Keep Your Sensitivities To Yourself


Over the years, a great deal of attention has been given to dealing with people who behave in an insensitive or inappropriate manner in the workplace. Companies have had to implement written codes of conduct, and employees who don’t comply can be reprimanded, sent to ‘sensitivity training,’ or even discharged. Despite the overzealousness with which it is sometimes applied, this rigour is not a bad thing. A healthy, productive and enjoyable workplace is a very delicate balance. When you think about it, it is surprising that more workplaces, particularly large organizations, don’t have more issues than they do. After all, we spend more waking time with our coworkers – people who we associate with by happenstance instead of by choice – than we do our friends and family. Jam a couple of hundred strangers, each with their own unique priorities, values and personalities, into a single office building, and there’s bound to be some tension.

But there’s another side of the sensitivity coin that doesn’t get talked about quite so much. For just as there are insensitive buffoons, there are also the oversensitive objectors. These are people who have their own personal sensitivities and causes, and insist on actively championing them. They seem to thrive on passing judgment on the people around them, and get great self-satisfaction when they have outed an office evil-doer. They read nefarious intent into every comment and action, and appear obsessed with policing the people around them. Whatever their cause, they will pounce upon and decry even the slightest deviation from their personal definition of what is appropriate. And, although their attitudes and actions also do serious and long-lasting damage to the workplace environment, their positioning as victims makes it virtually impossible to correct their behaviour in any substantive way.

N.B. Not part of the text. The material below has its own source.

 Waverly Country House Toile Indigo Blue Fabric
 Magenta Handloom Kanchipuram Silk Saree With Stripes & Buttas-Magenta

Your ability to function in a team plays a big role in the amount of success you will find in the workplace. Not only do you have to be respectful of the needs of those around you, but you also have to respect that not everyone shares the same sensitivities as you. This is not to suggest that you shouldn’t champion important workplace issues, but if you find yourself becoming frequently vocal because you are being offended by the actions or words of your coworkers, take a look around. If no-one else seems to be supporting up your cause, then maybe it’s you who has to look in the mirror.